(Extracted data entries)

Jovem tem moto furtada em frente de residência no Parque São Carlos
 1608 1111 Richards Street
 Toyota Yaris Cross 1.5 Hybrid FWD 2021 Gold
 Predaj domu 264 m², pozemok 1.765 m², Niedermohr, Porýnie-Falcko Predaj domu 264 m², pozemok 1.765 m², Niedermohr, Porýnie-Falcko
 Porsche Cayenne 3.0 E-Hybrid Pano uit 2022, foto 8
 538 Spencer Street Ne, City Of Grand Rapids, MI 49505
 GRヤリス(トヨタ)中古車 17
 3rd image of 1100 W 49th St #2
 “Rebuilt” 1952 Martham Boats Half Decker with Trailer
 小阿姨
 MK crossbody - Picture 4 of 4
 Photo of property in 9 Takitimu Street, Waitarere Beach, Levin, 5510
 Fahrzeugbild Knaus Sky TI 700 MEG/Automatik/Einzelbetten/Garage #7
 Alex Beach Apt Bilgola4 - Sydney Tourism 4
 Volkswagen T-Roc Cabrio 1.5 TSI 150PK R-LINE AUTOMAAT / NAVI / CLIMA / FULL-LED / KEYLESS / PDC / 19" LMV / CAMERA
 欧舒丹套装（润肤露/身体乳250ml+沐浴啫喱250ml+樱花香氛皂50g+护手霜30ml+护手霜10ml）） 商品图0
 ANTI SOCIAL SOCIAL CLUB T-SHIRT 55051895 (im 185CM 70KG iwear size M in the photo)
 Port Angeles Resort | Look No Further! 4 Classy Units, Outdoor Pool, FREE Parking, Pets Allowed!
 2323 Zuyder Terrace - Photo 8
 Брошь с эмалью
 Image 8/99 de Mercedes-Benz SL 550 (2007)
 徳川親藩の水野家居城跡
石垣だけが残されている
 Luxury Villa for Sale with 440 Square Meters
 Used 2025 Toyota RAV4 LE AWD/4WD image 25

• **TASK DETAILS**: Please give, as a single number with nothing added, the count of lines in the records that contain the word "Street".

• **RESPONSE BOX**: 3